Work task: Would you please transcribe the data in full and exactly, excluding images?

Given material:
★ ★ ★

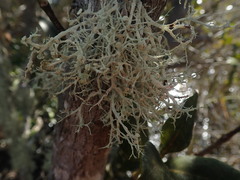 Ramalina geniculata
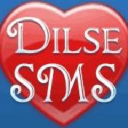 Dilsesms.com logo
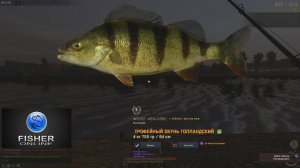 Fisher Online / трофейный окунь голландский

★ ★ ★

Answer below:
 Ramalina geniculata
 Dilsesms.com logo
 Fisher Online / трофейный окунь голландский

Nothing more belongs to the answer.